» Activity: The copy should hold exactly the lines below from the one that contains "A group of people" through the one that contains "Man wearing Dare" and nothing else, so no pictures.

» Exercise inputs:
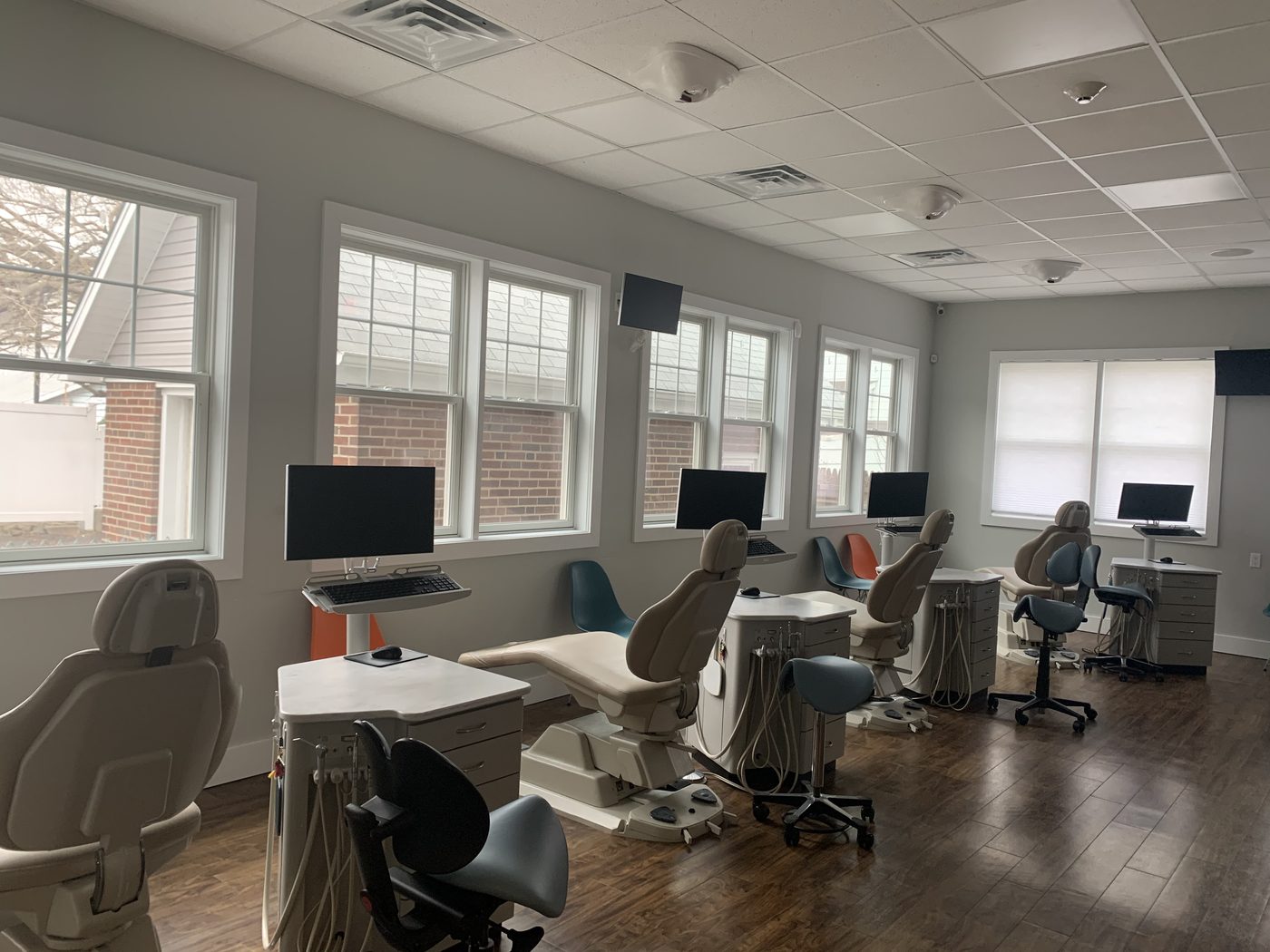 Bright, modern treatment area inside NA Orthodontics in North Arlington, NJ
...
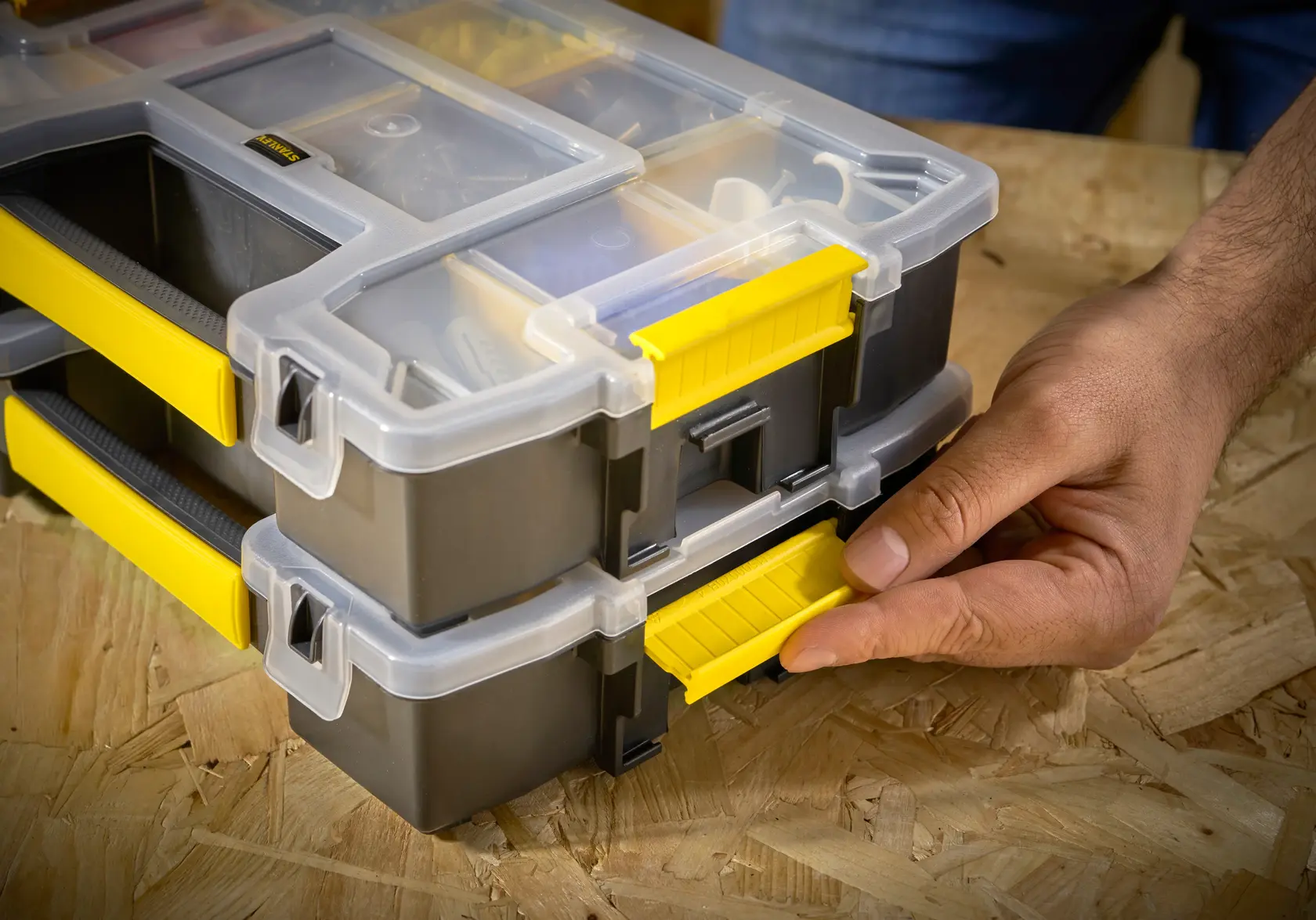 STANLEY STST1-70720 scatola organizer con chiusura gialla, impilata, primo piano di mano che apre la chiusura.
---
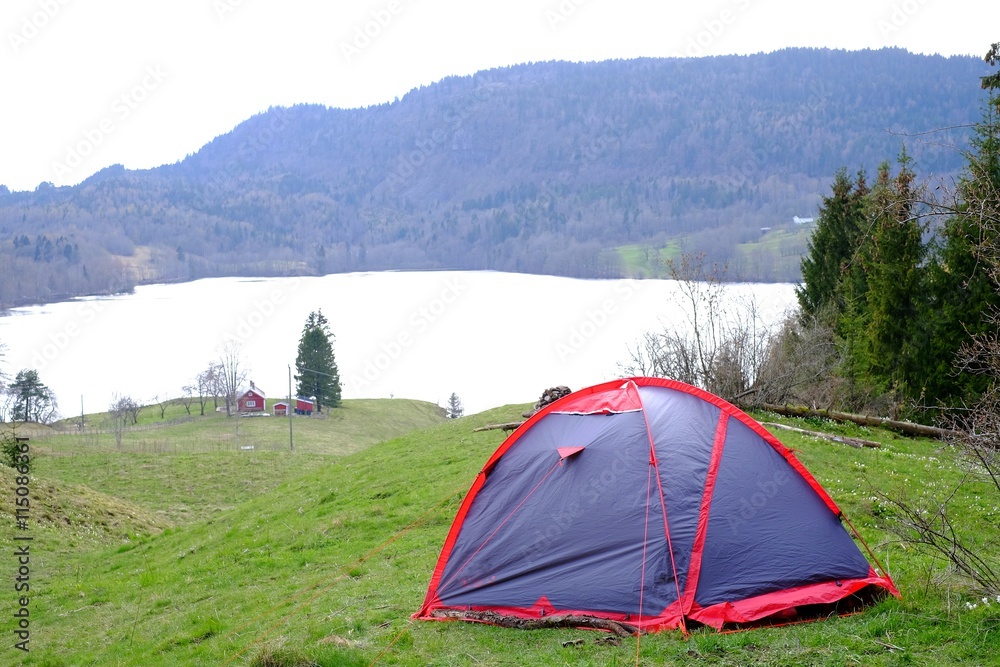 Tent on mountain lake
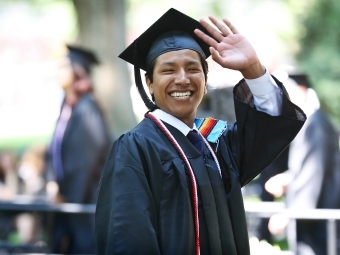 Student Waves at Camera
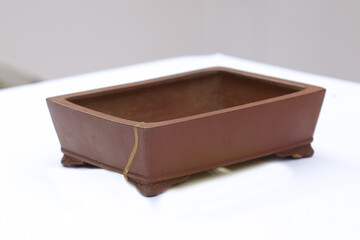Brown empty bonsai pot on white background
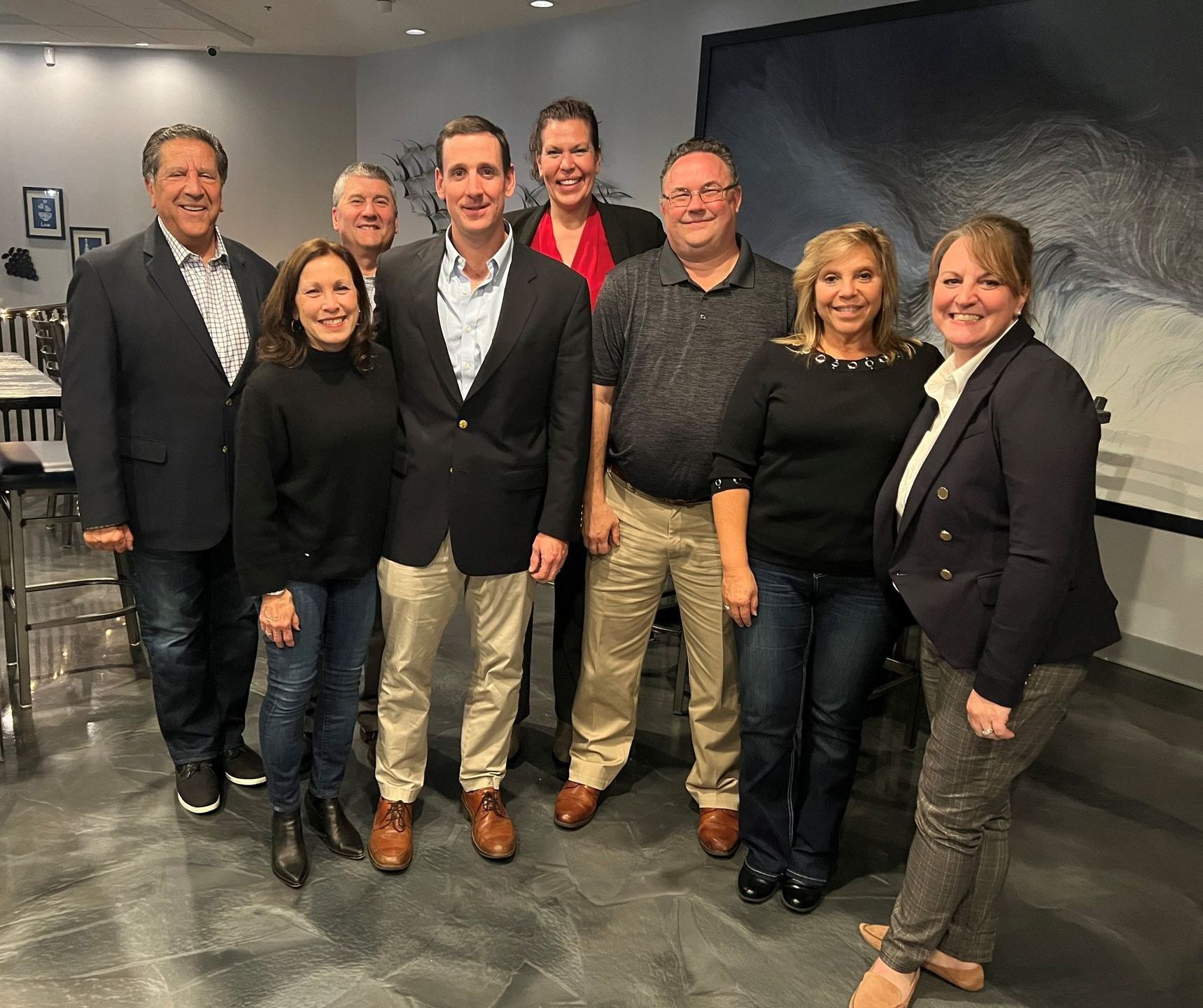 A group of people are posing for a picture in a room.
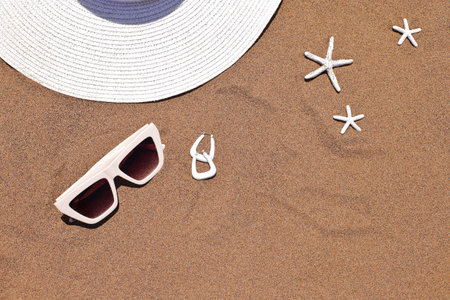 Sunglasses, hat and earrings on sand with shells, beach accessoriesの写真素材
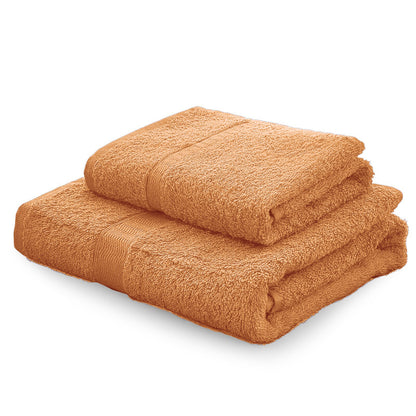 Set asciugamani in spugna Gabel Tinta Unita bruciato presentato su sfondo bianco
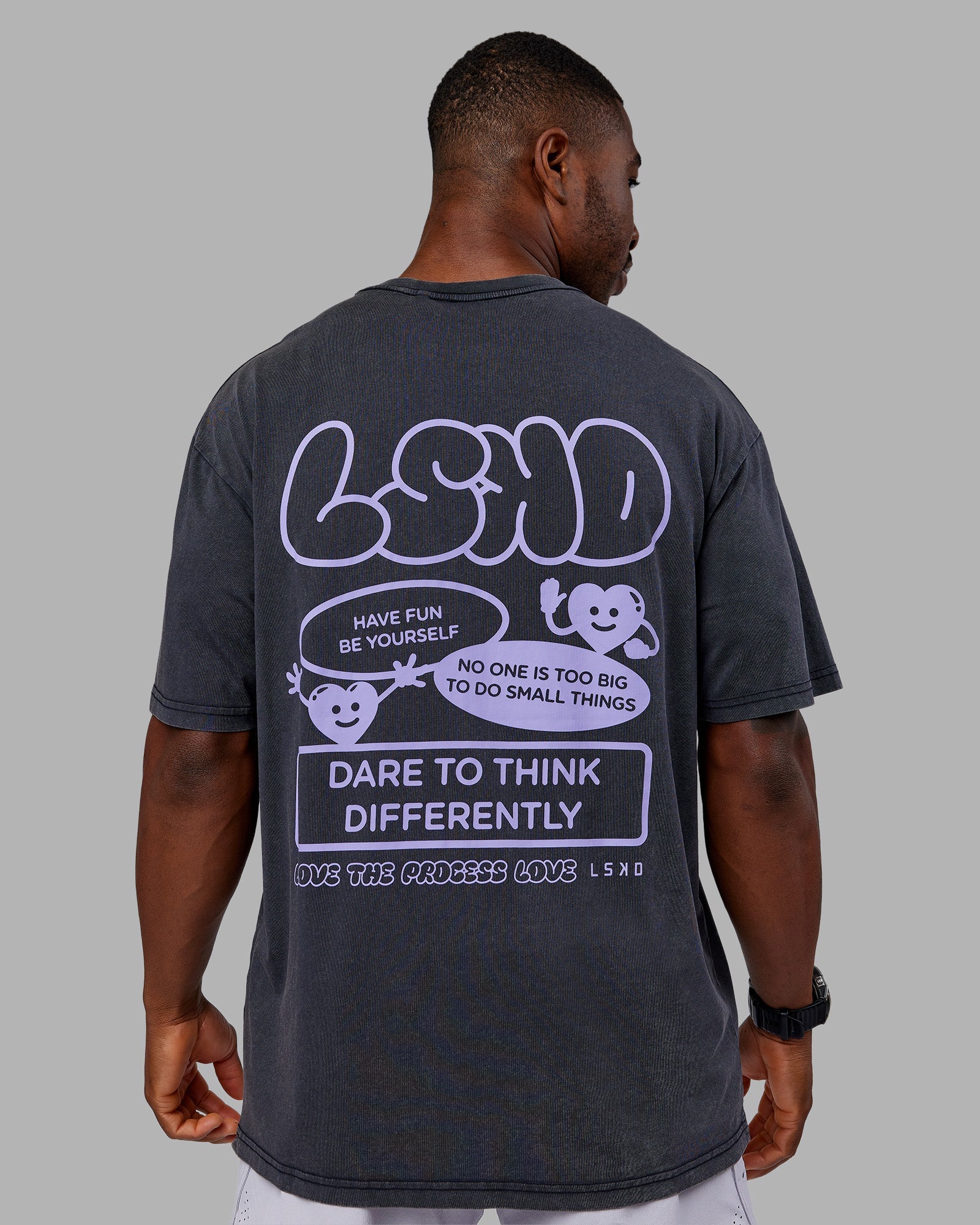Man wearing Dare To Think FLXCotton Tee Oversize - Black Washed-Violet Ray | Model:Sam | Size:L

» Solution to this task:
 A group of people are posing for a picture in a room.
 Sunglasses, hat and earrings on sand with shells, beach accessoriesの写真素材
 Set asciugamani in spugna Gabel Tinta Unita bruciato presentato su sfondo bianco
Man wearing Dare To Think FLXCotton Tee Oversize - Black Washed-Violet Ray | Model:Sam | Size:L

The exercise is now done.